BRUSSELS (IPS) - Gender equality and women’s empowerment are key to achieving all of the UN’s Millennium Development Goals, gender equality experts insist.
European Union (EU) officials, women’s lobby groups and development non-governmental organisations (NGOs) insist women’s rights must be “embedded” in development so that security, human rights, poverty eradication and the Millennium Development Goals (MDGs) can be achieved.
"We cannot have security, human rights, poverty eradication or achieve the Millennium Development Goals if we don’t have gender equality. Gender equality is fatal. It’s not just a matter of equality, but a matter of life and death," Noleen Heyzer, executive director of the United Nations Development Fund for Women (Unifem) told delegates at the 'Owning Development: Promoting Gender Equality in New Modalities and Partnerships' conference Thursday (Nov.10).
"Gender equality is not just about the rights of individuals, it is essential for the eradication of poverty and development. If we advance women's rights, we will also advance democracy and human rights," added Lieve Fransen, head of the human and social development unit at the European Commission's development directorate-general.
The three-day meeting, jointly hosted by Unifem and the European Commission, the EU executive, is examining how changing development policies are affecting efforts to promote gender equality and women's rights.
The MDGs are a set of eight goals agreed by world leaders in 2000. The third goal is to promote gender equality and empower women by 2015. Other targets include a 50 percent reduction in extreme poverty and hunger, a reduction of child mortality by two thirds and the promotion of environmental sustainability.
Glenys Kinnock, British Socialist member of the European Parliament (MEP) and development expert, says the importance of the link between the MDGs and gender equality "could not be simpler".
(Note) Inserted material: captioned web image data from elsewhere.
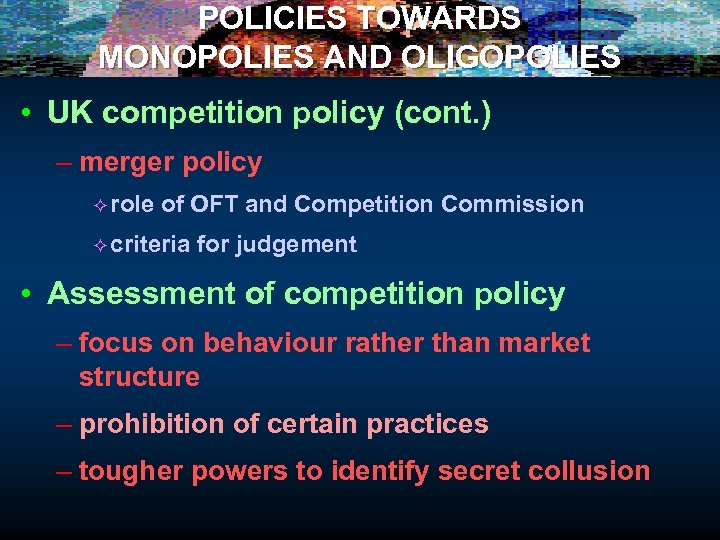 POLICIES TOWARDS MONOPOLIES AND OLIGOPOLIES • UK competition policy (cont. ) – merger policy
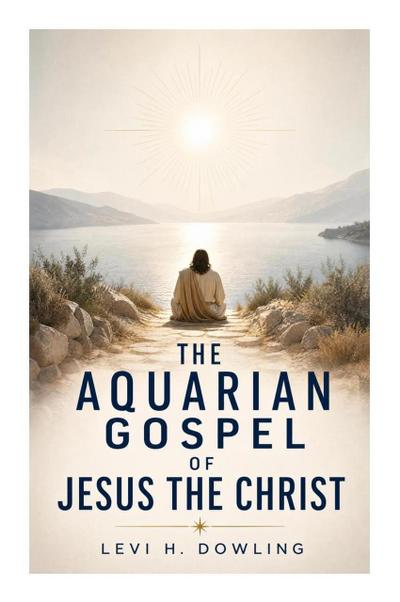 The Aquarian Gospel of Jesus the Christ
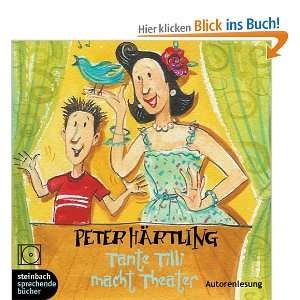 Tante Tilli macht Theater. 3 CDs  Peter Härtling Bücher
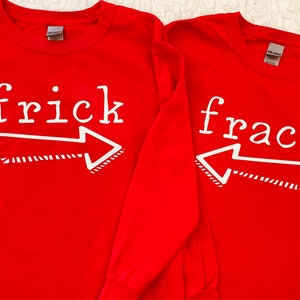 Frick and Frack Shirts - Shirts for Siblings - Gifts for Friends - Shirts for Brothers - Shirts for Sisters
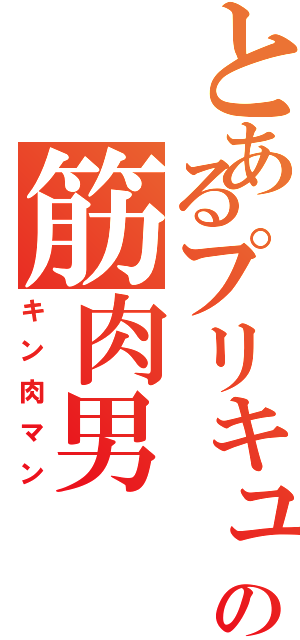 とあるプリキュア厨の筋肉男（キン肉マン）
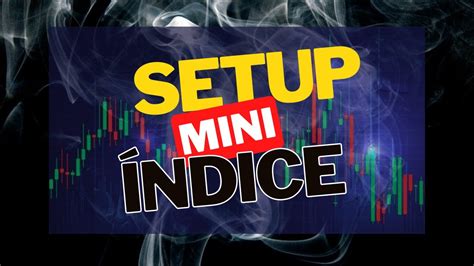 Setup Para Day Trade Mini Indice Youtube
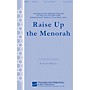 Transcontinental Music Raise Up the Menorah 2-Part composed by Eliot Bailen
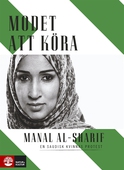 Modet att köra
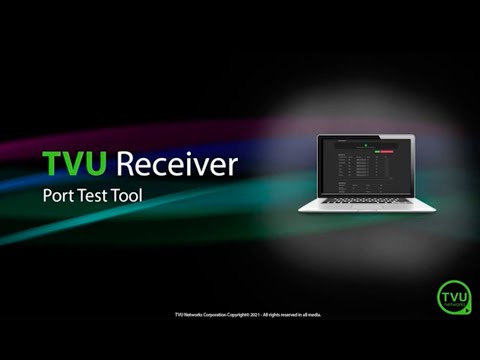 Pro Tips: Using the Port Test Tool in TVU Receiver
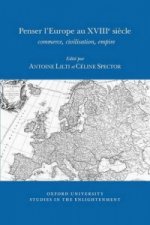 Penser l'Europe Au XVIIIe Siecle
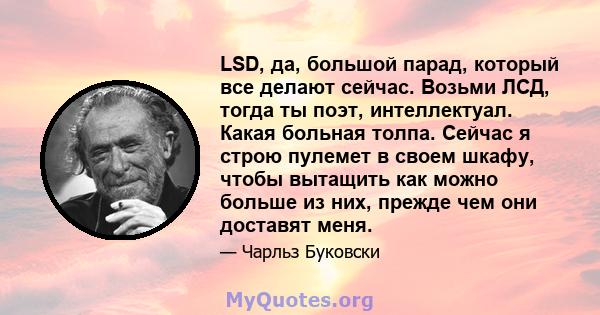 LSD, да, большой парад, который все делают сейчас. Возьми ЛСД, тогда ты поэт, интеллектуал. Какая больная толпа. Сейчас я строю пулемет в своем шкафу, чтобы вытащить как можно больше из них, прежде чем они доставят меня.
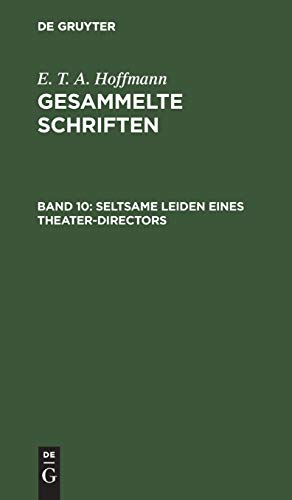 Seltsame Leiden eines Theater-Directors (E. T. A. Hoffmann: Gesammelte Schriften)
"If we do not achieve the Millennium Developments Goals, we will not achieve gender equality. If we do not achieve gender equality, we will not achieve the Millennium Development Goals. Reaching that goal underpins success in all the others," she told delegates.
In this year's United Nation's Human Development Report, the MDGs are described as being "for all people regardless of their income, their gender or their location". Kinnock says the reality is that famine and AIDS are "eroding the skills, experience and networks that, through women, keep communities going".
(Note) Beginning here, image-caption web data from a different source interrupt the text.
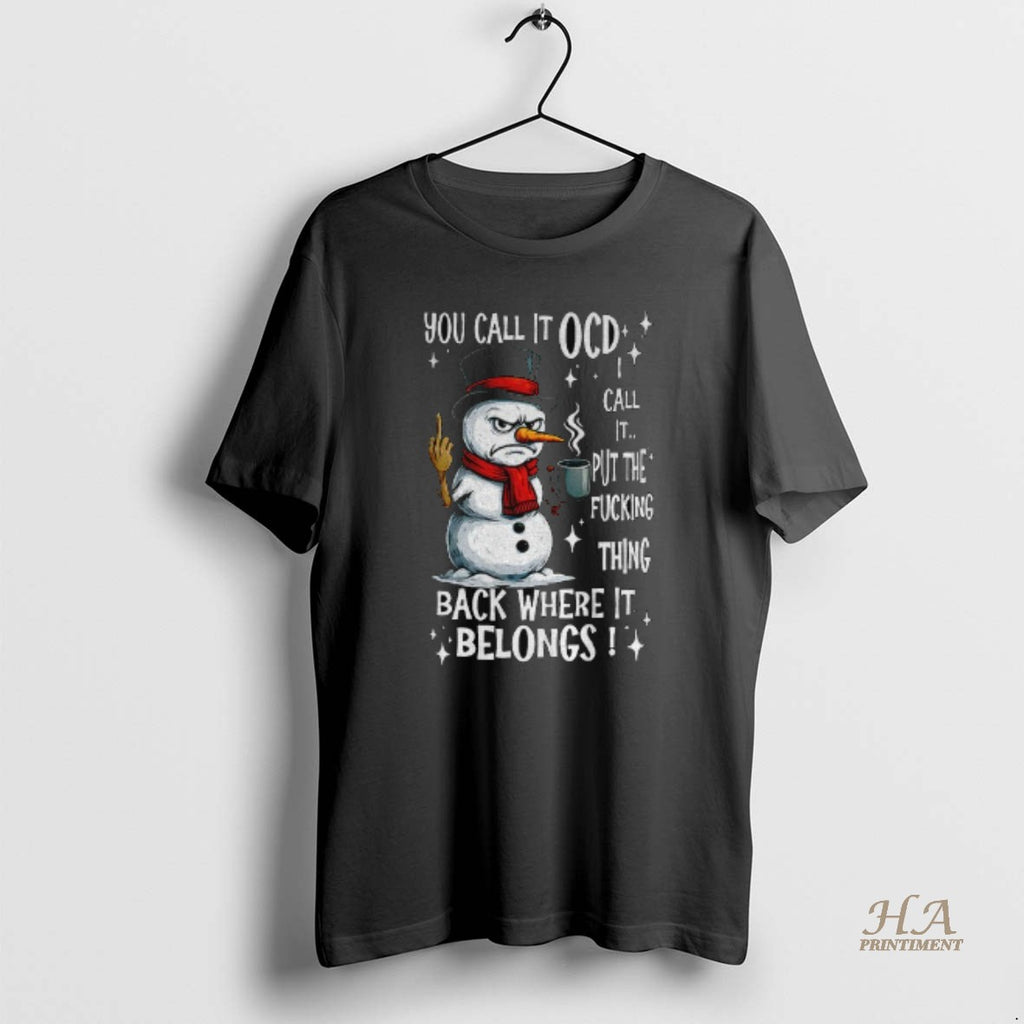 Official Snowman You Call It Ocd I Call It Put The Fucking Thing Back Where Shirt Hoodie Sweatshirt | PurePodTees.com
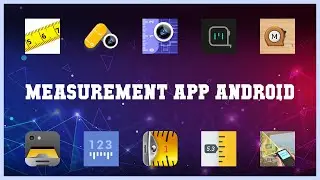 Top 10 Measurement App Android Android Apps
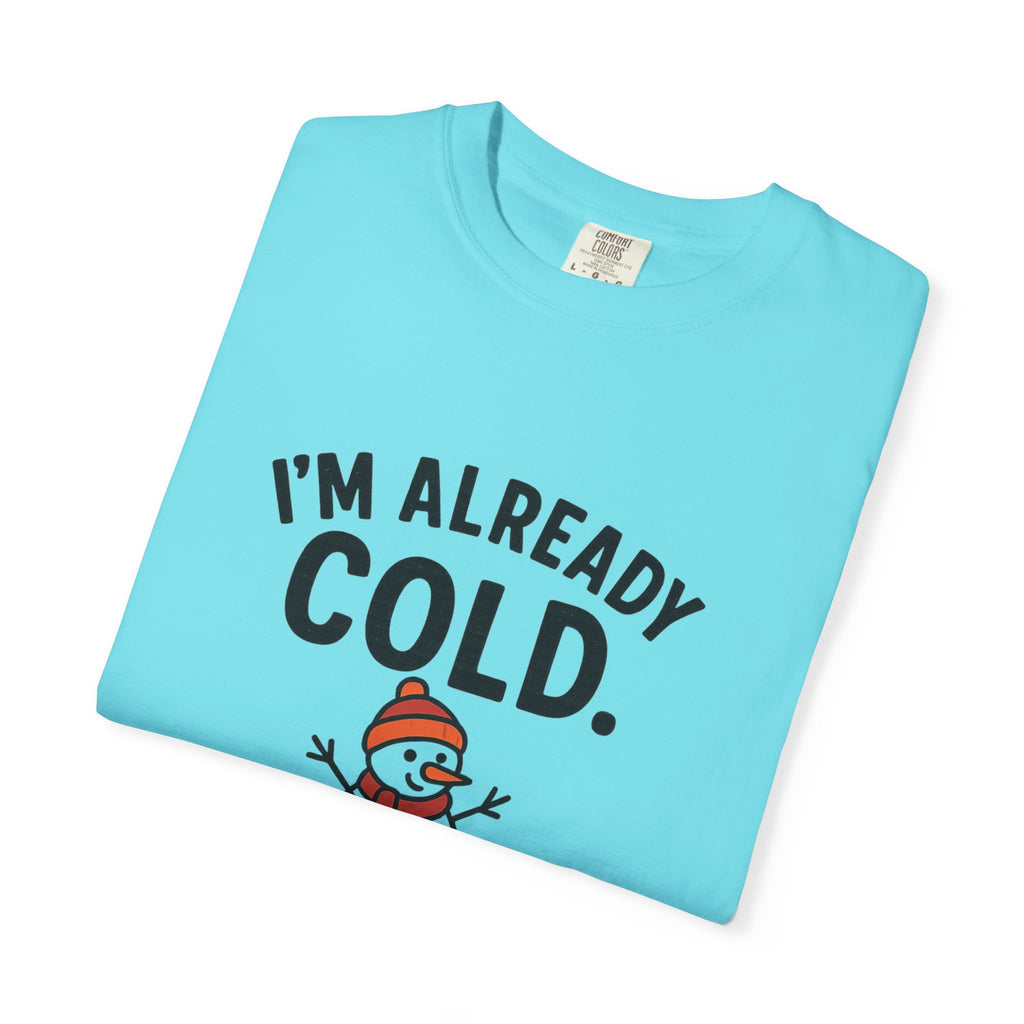 I'm Already Cold Funny Winter T-Shirt for Cold Weather Lovers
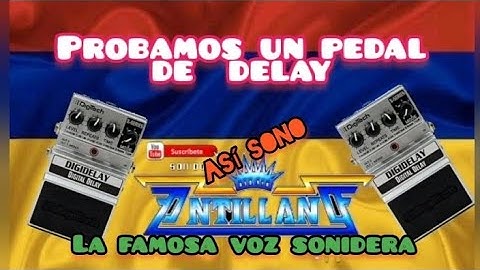 probamos UN pedal de DELAY  y así SONÓ 📢📢📢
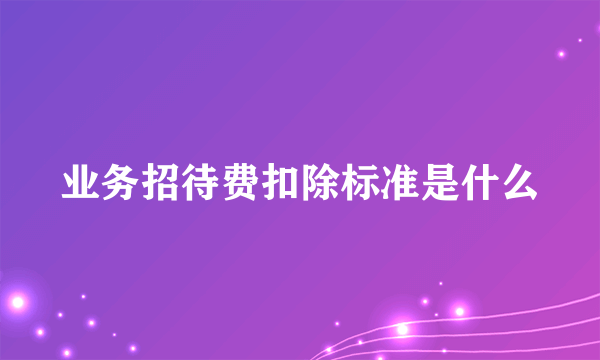 业务招待费扣除标准是什么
"The costs of gender discrimination are higher for lower income countries and within countries for the poor. Ours is an ethical obligation and a collective responsibility to ensure that there is respect for human rights, human dignity and personal security," she said.
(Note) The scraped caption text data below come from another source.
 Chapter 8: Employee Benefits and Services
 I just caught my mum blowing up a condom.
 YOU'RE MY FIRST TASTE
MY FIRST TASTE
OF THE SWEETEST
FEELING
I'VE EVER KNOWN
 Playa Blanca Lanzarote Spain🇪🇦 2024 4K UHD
Mirjam van Reisen, director of the Brussels-based European External Policy Advisors (EEPA), says more gender experts are needed to address such issues.
"As we are clearer and clearer in our policies that gender equality is key to poverty eradication, the issue of expertise in professional organisations, including donors, needs to be addressed," she said.
But while experts insist that gender equality is essential to achieve the MDGs, they fear that women’s rights have not been given sufficient space within the Goals.
Heyzer says the MDGs are important as indicators to monitor countries progress regarding the discrimination against women, but says the goals are "lacking" in some areas.
"There are new areas of work that need to be attended to. While the goals already focus on education, health and political participation, we also have to look at three or four areas of work that need to be included such as ending violence against women, inheritance and decent work and reproductive health and rights," she said.
Fransen agrees, but hopes that the EU will make moves to embed women’s priorities in development.
"We recommitted to achieving the MDGs in September, but women’s rights and gender empowerment are a poor sister on the block of the goals," she said. "We have policies in place to do so, but now it requires going outside of of places immediately around us and beyond people who are already convinced about the need to do so".